»»

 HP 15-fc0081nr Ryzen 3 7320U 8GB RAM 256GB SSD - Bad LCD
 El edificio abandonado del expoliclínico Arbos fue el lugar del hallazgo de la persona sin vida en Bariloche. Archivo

««
»»

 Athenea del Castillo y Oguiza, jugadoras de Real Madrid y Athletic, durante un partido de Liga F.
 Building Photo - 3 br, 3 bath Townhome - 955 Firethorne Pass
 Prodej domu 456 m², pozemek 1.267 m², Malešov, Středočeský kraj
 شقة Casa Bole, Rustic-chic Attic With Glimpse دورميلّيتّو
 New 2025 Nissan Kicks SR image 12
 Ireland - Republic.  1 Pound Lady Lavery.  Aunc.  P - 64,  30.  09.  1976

««

[Exercise] In the listing above, locate the line containing "HP 15-fc0081nr Ryzen" and the line containing "El edificio abandonado". Extract those two lines and every line between them, exactly as written, and only those.

[Expected output]
 HP 15-fc0081nr Ryzen 3 7320U 8GB RAM 256GB SSD - Bad LCD
 El edificio abandonado del expoliclínico Arbos fue el lugar del hallazgo de la persona sin vida en Bariloche. Archivo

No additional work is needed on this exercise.